A novel creatininium cyanoacetate (CCA) single crystal is synthesized by the slow evaporation technique and characterized by various experimental techniques such as FT-IR, FT-Raman and UV–visible spectral methods. Similar techniques are also investigated by the computational methods using Gaussian 09 software. The structural parameters, natural bond orbital (NBO), frontier molecular orbital (FMO), molecular electrostatic potential (MEP) and nonlinear optical (NLO) investigations are performed utilizing the DFT method with B3LYP/6-311G(d,p) basis set. The polarizable continuum model (PCM) has been used to identify the effect of various solvents (DMSO, ethanol, methanol, water) on the energy gap, excitation and NLO properties of CCA molecule. Fukui analysis is performed to identify the sites prone to nucleophilic and electrophilic attacks.
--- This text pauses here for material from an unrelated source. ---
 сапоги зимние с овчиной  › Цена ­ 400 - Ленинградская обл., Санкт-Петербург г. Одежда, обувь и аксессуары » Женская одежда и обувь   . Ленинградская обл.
Different topological methods including electron localization function (ELF), localized orbital locator (LOL), independent gradient model (IGM) and interaction region indicator (IRI) has been performed to quantify the noncovalent interaction and to analyse the weak interaction region. The UV–visible analysis indicates that the CCA crystal was optically transparent and has lower cut-off wavelength. The hole-electron analysis is performed to identify the characteristics of six excitations. The third-order NLO activity of the CCA compound is performed using the Z-scan technique and is compared with some related NLO materials. The substantial NLO response suggests that the CCA molecule can be significant for its utilization in advanced NLO applications.